De prime abord, on pourrait prendre Hohokum pour un mélange de LocoRoco, Electroplankton, FlOw et Sound Shapes. Réduire l'oeuvre d'Honeyslug à la rencontre de ces influences serait cependant une erreur. Bien qu'elle appartienne au même élan créatif qui efface la frontière entre l'art et le jeu vidéo, Hohokum suit sa propre démarche. Tout commence dans l'obscurité totale, d'où émerge une sorte de serpent avec un oeil en guise de tête. Sa trajectoire se dirige avec le stick analogique (ou les gâchettes), tandis qu'un bouton sert à accélérer, un autre à ralentir, et un troisième à cligner de l'oeil. Une fonction anecdotique, tout comme le frétillement déclenché via le touchpad de la manette PS4, dont la barre lumineuse change de couleur suivant celle de notre serpent caméléon (des fioritures absentes sur PS3 et PS Vita). Hohokum joue donc la carte du minimalisme en matière de contrôles, sans que cela ne l'empêche de procurer un vrai plaisir, à la fois simple et grisant, rien qu'en virevoltant librement dans cet univers figé, du moins en apparence. Car certaines de ses composantes ne tardent pas à réagir aux pirouettes du serpent, le bien nommé "Long Mover".

Abstraction interactive

Il s'agit par conséquent de trouver les éléments réceptifs à son passage, un principe d'interaction rudimentaire, mais aux retranscriptions graphiques, sonores et ludiques nettement plus élaborées. Des lampadaires s'illuminent, des vases se brisent, des personnages bizarres montent sur sa queue, donnant ainsi progressivement vie à ces tableaux. Loin des bouillies de pixels dont se nourrissent souvent les productions indépendantes, parfois jusqu'à l'indigestion, le monde d'Hohokum repose sur les formes épurées de Richard Hogg. Et notre homme a décidément l'art de rendre étranges les choses familières, afin de glisser des métaphores sous ses aplats de couleurs a priori tellement naïfs.
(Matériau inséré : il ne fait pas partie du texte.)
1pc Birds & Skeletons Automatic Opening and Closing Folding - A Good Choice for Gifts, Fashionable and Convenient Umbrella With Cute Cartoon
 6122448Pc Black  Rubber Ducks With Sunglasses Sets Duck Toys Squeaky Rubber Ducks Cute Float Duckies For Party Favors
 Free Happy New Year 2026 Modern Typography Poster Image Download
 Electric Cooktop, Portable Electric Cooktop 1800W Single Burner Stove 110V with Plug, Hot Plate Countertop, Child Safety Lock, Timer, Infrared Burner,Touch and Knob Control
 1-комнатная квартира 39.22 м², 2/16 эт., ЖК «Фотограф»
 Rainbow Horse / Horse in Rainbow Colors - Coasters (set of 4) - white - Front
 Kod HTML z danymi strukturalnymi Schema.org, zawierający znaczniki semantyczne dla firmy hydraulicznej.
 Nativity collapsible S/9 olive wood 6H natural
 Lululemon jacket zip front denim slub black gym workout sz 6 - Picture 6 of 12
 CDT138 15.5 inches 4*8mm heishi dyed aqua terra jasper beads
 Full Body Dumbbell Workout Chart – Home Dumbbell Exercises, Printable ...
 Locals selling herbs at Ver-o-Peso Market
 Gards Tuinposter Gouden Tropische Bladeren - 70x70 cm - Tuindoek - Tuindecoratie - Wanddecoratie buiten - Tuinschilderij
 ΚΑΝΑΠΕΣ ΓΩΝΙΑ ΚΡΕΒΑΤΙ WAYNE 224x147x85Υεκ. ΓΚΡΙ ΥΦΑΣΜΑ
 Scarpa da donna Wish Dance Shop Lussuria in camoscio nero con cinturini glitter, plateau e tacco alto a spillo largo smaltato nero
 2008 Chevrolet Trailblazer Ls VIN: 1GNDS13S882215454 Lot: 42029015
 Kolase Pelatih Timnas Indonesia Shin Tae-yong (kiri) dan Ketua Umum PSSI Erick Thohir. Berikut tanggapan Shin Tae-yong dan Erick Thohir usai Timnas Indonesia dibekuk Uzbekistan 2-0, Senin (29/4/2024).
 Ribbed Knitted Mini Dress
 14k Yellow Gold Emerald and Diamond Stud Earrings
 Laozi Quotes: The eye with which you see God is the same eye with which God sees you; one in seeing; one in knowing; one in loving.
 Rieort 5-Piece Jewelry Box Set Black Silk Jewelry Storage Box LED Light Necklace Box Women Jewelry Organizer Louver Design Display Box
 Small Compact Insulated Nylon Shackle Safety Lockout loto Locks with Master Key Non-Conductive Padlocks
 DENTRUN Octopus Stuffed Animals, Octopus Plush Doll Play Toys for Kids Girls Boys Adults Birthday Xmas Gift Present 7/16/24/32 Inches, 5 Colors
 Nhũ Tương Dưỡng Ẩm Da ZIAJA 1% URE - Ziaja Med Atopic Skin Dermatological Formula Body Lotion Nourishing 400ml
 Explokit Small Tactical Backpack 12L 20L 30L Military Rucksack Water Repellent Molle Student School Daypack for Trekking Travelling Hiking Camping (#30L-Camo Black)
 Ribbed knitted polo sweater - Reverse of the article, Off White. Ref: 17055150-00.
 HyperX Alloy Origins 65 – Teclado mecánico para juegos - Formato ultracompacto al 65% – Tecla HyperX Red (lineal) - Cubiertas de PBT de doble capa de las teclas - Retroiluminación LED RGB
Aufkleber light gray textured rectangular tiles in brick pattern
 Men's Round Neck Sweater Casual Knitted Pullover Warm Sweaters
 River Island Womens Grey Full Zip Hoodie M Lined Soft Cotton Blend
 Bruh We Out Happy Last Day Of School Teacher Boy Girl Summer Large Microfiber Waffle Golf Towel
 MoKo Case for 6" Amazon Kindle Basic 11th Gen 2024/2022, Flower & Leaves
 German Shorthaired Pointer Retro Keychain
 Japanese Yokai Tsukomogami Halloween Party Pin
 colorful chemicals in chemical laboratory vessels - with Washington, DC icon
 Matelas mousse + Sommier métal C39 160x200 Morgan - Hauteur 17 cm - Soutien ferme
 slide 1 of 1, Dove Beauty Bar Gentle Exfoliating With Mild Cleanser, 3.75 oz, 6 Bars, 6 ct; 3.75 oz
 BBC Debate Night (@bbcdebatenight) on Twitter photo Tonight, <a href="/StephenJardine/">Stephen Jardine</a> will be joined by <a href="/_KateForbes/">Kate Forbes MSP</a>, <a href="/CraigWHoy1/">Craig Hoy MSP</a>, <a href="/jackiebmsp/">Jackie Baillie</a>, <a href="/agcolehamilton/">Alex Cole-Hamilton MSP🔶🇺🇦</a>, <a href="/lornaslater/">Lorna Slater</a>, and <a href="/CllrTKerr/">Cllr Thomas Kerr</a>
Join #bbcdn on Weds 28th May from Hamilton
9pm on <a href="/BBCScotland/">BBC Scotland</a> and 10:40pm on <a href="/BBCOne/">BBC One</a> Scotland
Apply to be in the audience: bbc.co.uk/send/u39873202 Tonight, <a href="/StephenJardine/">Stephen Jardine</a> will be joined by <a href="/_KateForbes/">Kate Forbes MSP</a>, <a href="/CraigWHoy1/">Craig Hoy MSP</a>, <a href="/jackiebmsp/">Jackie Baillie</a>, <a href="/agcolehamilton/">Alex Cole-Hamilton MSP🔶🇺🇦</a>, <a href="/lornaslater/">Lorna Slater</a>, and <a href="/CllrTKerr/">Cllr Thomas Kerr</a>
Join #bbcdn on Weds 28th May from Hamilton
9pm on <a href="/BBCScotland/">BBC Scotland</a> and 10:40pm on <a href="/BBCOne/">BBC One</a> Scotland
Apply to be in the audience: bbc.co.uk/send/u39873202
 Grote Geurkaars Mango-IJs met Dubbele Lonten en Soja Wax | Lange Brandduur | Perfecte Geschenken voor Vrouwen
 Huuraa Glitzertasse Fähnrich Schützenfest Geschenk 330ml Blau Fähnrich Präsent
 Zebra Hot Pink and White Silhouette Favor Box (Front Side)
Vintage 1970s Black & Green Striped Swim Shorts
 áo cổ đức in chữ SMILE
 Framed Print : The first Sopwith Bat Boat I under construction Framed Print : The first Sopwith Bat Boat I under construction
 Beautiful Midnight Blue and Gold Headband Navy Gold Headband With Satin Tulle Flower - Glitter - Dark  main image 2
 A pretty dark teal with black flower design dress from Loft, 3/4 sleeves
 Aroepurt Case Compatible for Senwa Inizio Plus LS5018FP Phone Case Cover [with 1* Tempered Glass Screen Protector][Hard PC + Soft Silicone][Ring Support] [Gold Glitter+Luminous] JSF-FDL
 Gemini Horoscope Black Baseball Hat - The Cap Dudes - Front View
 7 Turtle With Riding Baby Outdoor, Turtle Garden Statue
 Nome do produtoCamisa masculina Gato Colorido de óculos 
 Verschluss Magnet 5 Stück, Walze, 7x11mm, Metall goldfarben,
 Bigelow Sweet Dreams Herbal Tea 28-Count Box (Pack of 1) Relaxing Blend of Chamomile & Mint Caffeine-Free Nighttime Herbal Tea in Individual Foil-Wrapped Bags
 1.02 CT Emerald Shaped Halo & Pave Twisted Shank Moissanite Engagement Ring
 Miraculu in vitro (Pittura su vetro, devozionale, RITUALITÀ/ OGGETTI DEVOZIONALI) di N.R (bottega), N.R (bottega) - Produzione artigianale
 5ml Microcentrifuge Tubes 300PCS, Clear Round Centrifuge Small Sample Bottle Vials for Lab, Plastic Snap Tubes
Les musiques aux consonances electro viennent y ajouter des textures et du relief, touche par touche, ou plutôt couche par couche, leurs instrumentations s'étalant délicatement à mesure que les facettes animées de l'environnement apparaissent. Ces morceaux issus du très underground label "Ghostly" se développent par conséquent en symbiose avec l'imagerie de Richard Hogg, au point de ne faire plus qu'un avec ces toiles surréalistes, et les mouvements du serpent.

Libre interprétation

On aurait presque l'impression de se promener dans un musée, les divagations de Long Mover reflétant celles du regard qui vagabonde sur ces tableaux. De la même manière qu'une peinture invite à la contemplation avant de chercher une quelconque interprétation, Hohokum se laisse explorer, sans jamais nous guider, ou si peu. Ici point d'interface, ni de plan, pas plus que de notion de challenge, et pourtant, ce monde dissimule nombre d'objectifs, plus ou moins futiles. Alors que certains éléments interactifs n'ont pour vocation que d'exprimer sa créativité intrinsèque, d'autres manoeuvres occasionnent la libération des congénères du serpent, tout en découvrant la myriade d'yeux qui se cachent parmi les décors. Ces procédés tantôt candides, tantôt énigmatiques (pour ne pas dire délibérément abscons) matérialisés par Ricky Hagget ne cessent de se renouveler, quoiqu'ils s'inspirent régulièrement de mécaniques déjà éprouvées. En cela, Hohokum ne s'affranchit pas complètement des codes vidéoludiques, néanmoins ils lui apportent aussi un intérêt tangible, au delà de son inestimable valeur artistique. Certes il est relaxant, voire enivrant de se plonger dans ces fresques fantasmagoriques. Mais sans carte pour s'y repérer, et sans indication pour en déchiffrer les schémas, on a tôt fait de se perdre, avec le risque que ces errances n'engendrent la lassitude. Seule l'expérimentation permet d'arriver à ses fins, une approche qui fait d'ailleurs écho à celle de Richard et Ricky durant ces six années de développement. De fait, beaucoup ne s'y retrouveront pas, puisqu'à l'instar de l'art contemporain, tout dépend de l'oeil et des sensibilités de chacun.